Lifebuoy. This also pose a threat to Dettols soaps. The company in order to expand its
market have to invest in rural India by coming out with 25g, 50gm of soaps, in different
varieties and small denomination.
It can further expand its rural base by taking Mortein coil, sachets of Harpic & Lizol for
weekly wash since in these areas there are community toilets, downward stretching
of brands like Durex .i.e. by making the name more localized which will be easier for
the people to understand, changing its packaging.

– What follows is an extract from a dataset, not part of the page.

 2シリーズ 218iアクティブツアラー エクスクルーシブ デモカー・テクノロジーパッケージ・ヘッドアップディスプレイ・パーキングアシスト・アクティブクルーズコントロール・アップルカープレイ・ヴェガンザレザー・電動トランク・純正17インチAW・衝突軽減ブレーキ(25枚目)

Educating Customers: RB also need to invest in educating the customer in using


certain brands like Veet .i.e. hair removing cream , Durex .i.e. condoms. Indian
consumers are still very shy and narrow minded with respect to such products. The
sales force must be well equipped and well versed in educating as well as handling the
questions of the customers.

Innovation: RB needs to diversify and innovate its product but in the right direction.
They had done blunder by creating dish washing liquid under Dettol. They need to
stretch the brand keeping in mind its value proposition, its core competency and not
extend it just for the sake of same.

Discouraging Malpractices: As mentioned in the SWOT analysis, retailers try selling


expired products in the market. This provides a negative connotation to the Brand.
The company has to keep a tight watch on the retail outlets in order to avoid such
malpractices.

Cost Cutting: Lastly, RB in order to cut down its operational cost can set up
manufacturing plants in India. Large number of unskilled labours along with cheap
skilled man force will help them in bring down their cost. In short run setting up plant
and machinery will cost huge sum of money but in long run due to economies of scale
and cheap resources it will be beneficiary to them.